Not only that, one of its suppliers – OSI – was discovered to have repackaged old meat for sale.
McDonald’s former CEO Steve Easterbrook
Mr Easterbrook when he was the new CEO in 2015
Then, as Mr McCorvey explained: “Months before Easterbrook’s first day on the job, McDonald’s posted its first annual drop in same-store sales in 12 years. According to Euromonitor, the chain’s market share of the US fast-food market slid from 17.4 percent in 2012 to 15.4 percent in 2016.”
Mr Easterbrook realised: “The pace of change outside McDonald’s had been quicker than the pace of change within.”
So, he began to restructure the organisation – a huge challenge to take on, considering McDonald’s is one of the largest employers in the world.
Mr McCorvey said: “Within three months, Easterbrook began stripping away layers of bureaucracy from global operations. He regrouped and consolidated each market segment by need, instead of by geographic region, which had become inefficient over time.”
He also made delivery “a global goal”, increasing efficiency through “fast action” by hiring executives with regional experience.
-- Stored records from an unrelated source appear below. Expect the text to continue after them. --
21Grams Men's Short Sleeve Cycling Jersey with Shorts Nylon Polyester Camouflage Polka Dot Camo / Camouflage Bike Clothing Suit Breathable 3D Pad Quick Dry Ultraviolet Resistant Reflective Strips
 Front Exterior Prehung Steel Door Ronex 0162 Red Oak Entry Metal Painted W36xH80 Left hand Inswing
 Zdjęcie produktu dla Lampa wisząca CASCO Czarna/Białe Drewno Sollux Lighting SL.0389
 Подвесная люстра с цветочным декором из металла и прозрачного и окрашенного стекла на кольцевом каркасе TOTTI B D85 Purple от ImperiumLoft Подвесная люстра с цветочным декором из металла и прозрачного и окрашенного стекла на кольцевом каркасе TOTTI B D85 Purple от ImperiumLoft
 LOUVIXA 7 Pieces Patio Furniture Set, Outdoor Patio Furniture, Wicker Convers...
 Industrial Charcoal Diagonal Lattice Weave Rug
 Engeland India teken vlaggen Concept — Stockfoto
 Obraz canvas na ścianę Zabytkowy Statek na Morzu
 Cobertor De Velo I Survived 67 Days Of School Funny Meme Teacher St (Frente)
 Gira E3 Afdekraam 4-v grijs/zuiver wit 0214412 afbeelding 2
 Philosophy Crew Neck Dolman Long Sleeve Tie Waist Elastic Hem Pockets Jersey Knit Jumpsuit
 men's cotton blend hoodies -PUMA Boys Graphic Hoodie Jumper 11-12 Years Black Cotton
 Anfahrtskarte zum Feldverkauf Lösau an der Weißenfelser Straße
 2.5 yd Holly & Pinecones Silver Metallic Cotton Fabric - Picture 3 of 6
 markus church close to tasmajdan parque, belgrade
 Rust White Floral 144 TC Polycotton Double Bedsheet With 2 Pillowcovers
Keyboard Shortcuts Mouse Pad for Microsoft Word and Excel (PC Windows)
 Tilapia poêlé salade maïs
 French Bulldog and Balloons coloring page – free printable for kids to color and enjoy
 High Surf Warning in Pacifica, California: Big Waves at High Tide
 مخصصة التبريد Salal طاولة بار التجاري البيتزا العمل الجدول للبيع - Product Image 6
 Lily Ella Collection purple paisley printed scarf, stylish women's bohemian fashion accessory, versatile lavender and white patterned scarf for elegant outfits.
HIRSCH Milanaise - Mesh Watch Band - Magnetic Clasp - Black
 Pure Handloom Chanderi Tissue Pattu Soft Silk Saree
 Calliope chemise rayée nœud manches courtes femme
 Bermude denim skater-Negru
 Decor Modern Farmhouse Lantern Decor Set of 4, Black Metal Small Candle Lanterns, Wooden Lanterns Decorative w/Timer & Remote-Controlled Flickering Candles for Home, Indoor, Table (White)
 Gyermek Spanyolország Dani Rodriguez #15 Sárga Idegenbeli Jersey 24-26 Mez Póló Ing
Mr Easterbrook has been fired after it was discovered he had a relationship with a McDonald’s employee
Mr Easterbrook also prioritised selling company-owned stores to franchises. The reporter explained: “When [Easterbrook] took over the goal was to sell 1,500 restaurants this way annually. Easterbrook shifted that to 4,000 and gave the company until 2019 to do it.
“His plan, as it turned out, was insufficiently ambitious. McDonald’s crossed the threshold nearly a year ahead of schedule.”
McDonald’s increased the percentage of its franchised store from 81 percent to 91 percent, a move which was predicted to save £387million ($500million) by the end of 2018.
The firm also established a deal last August to sell 2,740 restaurants in Hong Kong and mainland China, which it hoped would lead to 2,000 new restaurants opening in the country over the next five years.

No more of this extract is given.